Your assignment – Your output should be exactly the lines from the one containing "Wooden Pegboard Earring" through the last line of the listing, and nothing else. Pictures stay out.

Collected material –
※
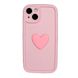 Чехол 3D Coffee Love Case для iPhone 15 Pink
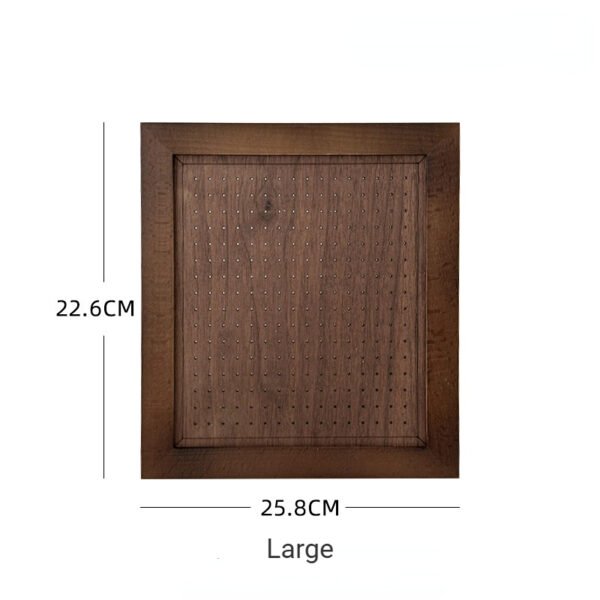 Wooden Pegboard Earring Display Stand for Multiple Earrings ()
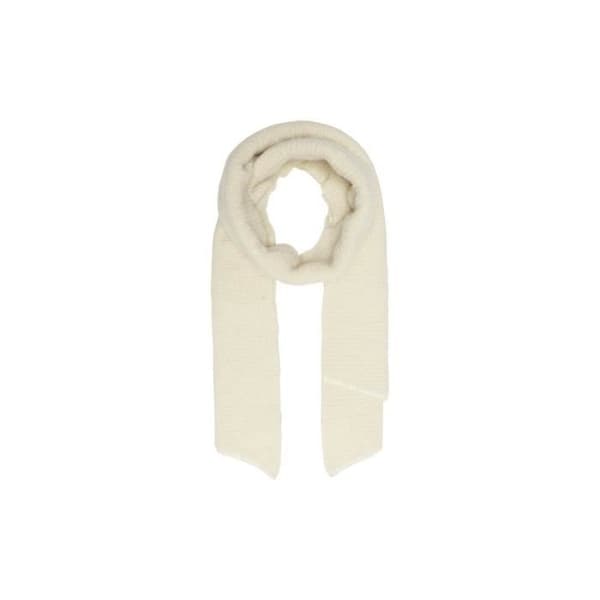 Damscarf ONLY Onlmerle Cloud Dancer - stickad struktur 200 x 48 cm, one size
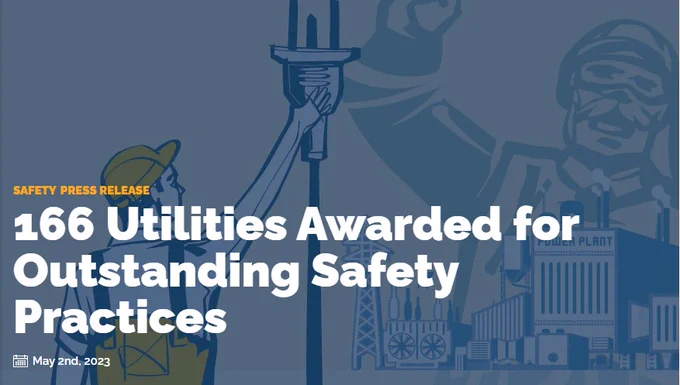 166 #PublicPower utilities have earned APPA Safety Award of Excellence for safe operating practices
※
Exercise result –
 Wooden Pegboard Earring Display Stand for Multiple Earrings ()
 Damscarf ONLY Onlmerle Cloud Dancer - stickad struktur 200 x 48 cm, one size
 166 #PublicPower utilities have earned APPA Safety Award of Excellence for safe operating practices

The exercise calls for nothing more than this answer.